Long before we were thinking beings we were feeling beings and the more “tweaked” we get the more our primitive minds take control. We are barraged daily with messages of fear. The worst “news” about the economy, environment, war, healthcare and people are paraded in front of us as objective analysis and conscientious consideration. There is nothing either objective or conscientious about it. The “news” is simply designed to get your attention so they can sell advertising and the best way to do that is to appeal to your primal fears. We are physiologically designed to notice and remember any imagined threat. Unfortunately we can imagine almost anything. Many are starting this year wondering how they will get through it and if that is what we imagine, that is what we will create.

What if we were to imagine something different?

What if we were not trying to get through anything? The through is all there is. The through is life. To get through a minute, day, week or year is to waste all of those moments and moments are all we have. Children learn more, do more, and enjoy more because they live in the moment and then the next. Successful, Happy people do the same thing. It is not that they do not plan for the future, they do. It is that they do not live for the future. They also do not live in or worry about the past. Nothing we can do, nothing we have ever done has changed the past. Whether it is ten minutes ago or ten years ago it is gone. There is no value in punishing yourself or others for anything we or they have done. We all do the best we can do at the time. None of us are our histories, UNLESS we choose to hang on to, remember, revisit, and relive them.

Being an Affective Leader means first taking responsibility for how you talk to you.

What stories do you tell yourself, about yourself, about others? Are they stories of Love or Fear? It is really very simple. Whatever picture, whatever story you tell yourself, whatever you put your focus on, you will move in that direction.

We never move in the opposite direction of our attention.

If we picture scarcity we get scarcity. If we look for abundance, we get abundance. Richard Branson, the dyslexic, high school non-graduate, billionaire put it this way. “I look for the good in everyone and everything”. Easy to say when you are a billionaire. The key is he is one because he said it, thought it, lived it, and acted on it, when he wasn’t.

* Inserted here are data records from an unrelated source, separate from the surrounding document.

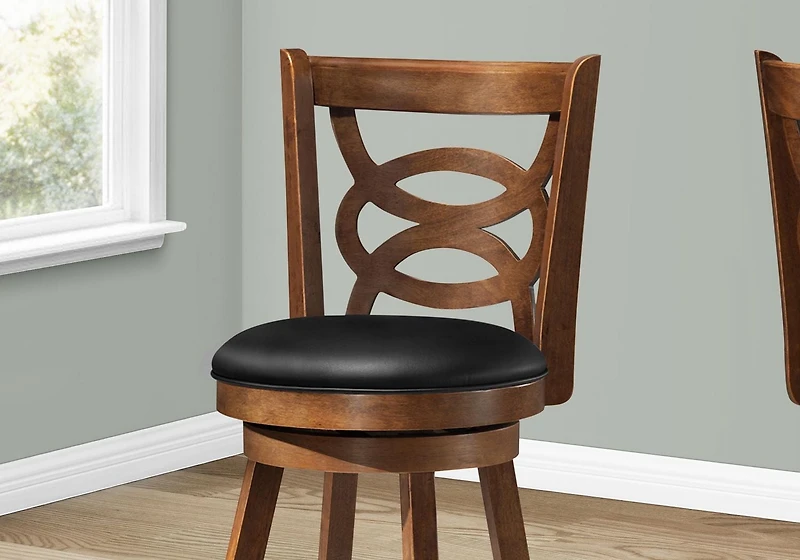 Monarch Specialties Tabouret De Bar, Lot De 2, Pivotant, Hauteur Du Comptoir, Cuisine, Bois, Pu D'aspect Cuir, Brun, Noir, Transitionnel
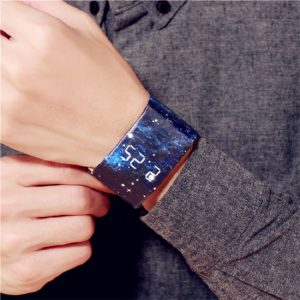 Unisex Unique LED Clock Watch Digital Paper Wristband Watch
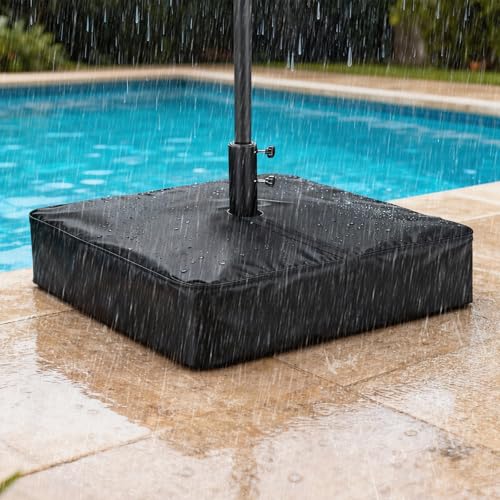 Rileytee Patio Umbrella Base Cover,Outdoor Heavy Duty 600D Waterproof Anti-UV Square Umbrella Stand Base Covers (21"L x 21"W x 5"H-Black) by Rileytee - Used condition - Image 8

The “Secret” has not been a secret for thousands of years.

“..as thou hast believed,’ so be it done unto thee” The key in this emotional economy is not generating and executing a “to-do” list, but in first generating and executing a “to-feel” list. Then using the energy of our desire to pull us instead of using the demands of what is required to push us. Everything we communicate to ourselves and others has an affective component. For years I have used the phrase “You become like whatever you think about most, you move in the direction of your currently dominant thought”. To be more accurate it should say that we move in the direction of your currently dominant feeling.

Here are seven steps you can take to make the most out of your Emotional Economy.

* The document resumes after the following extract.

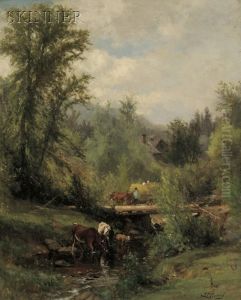 Cows Watering At A Stream by Samuel Lancaster Gerry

1. Observe yourself: don’t judge, just notice your inner conversations. No one else put them there, you put them there. Don’t try to change them deny them or ignore them just own them.

2. Be honest: Nothing can stop a man who is willing to be honest with himself about himself.

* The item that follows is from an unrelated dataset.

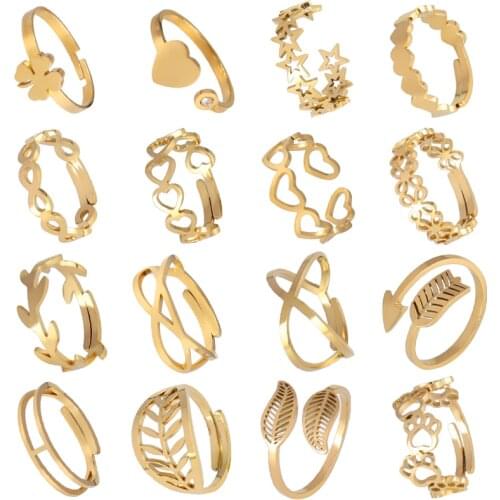 Punk Stainless Steel Rings Women Geometric Ring Rings Opening Rings For Women Chain Ring Womens Rings Charm Rings Jewelry Gifts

3. Appreciate the lessons: EVERYTHING happens to teach us something. Not about others, but about ourselves. The great thing is the only person we ever need to or can change is ourselves.

4. Forget the past: Whether we pine for things we have lost or regret the things we have done both keep us from being present in the present.

5. Forgive everyone and everything: We are unforgiving only to the extent which we have chosen not to appreciate and learn from our lessons.

6. Chose not to conform: Don’t be a lemming. Earl Nightingale said, “The opposite of courage is not cowardice, it is conformity.

7. Prime your fun pump: Watch, listen to, read, think things that tickle your funny bone. Laughter calms the mind focuses attention, opens up our creativity and is the antidote to fear.

We are not thinking beings that have feelings; we are feeling beings that have thoughts.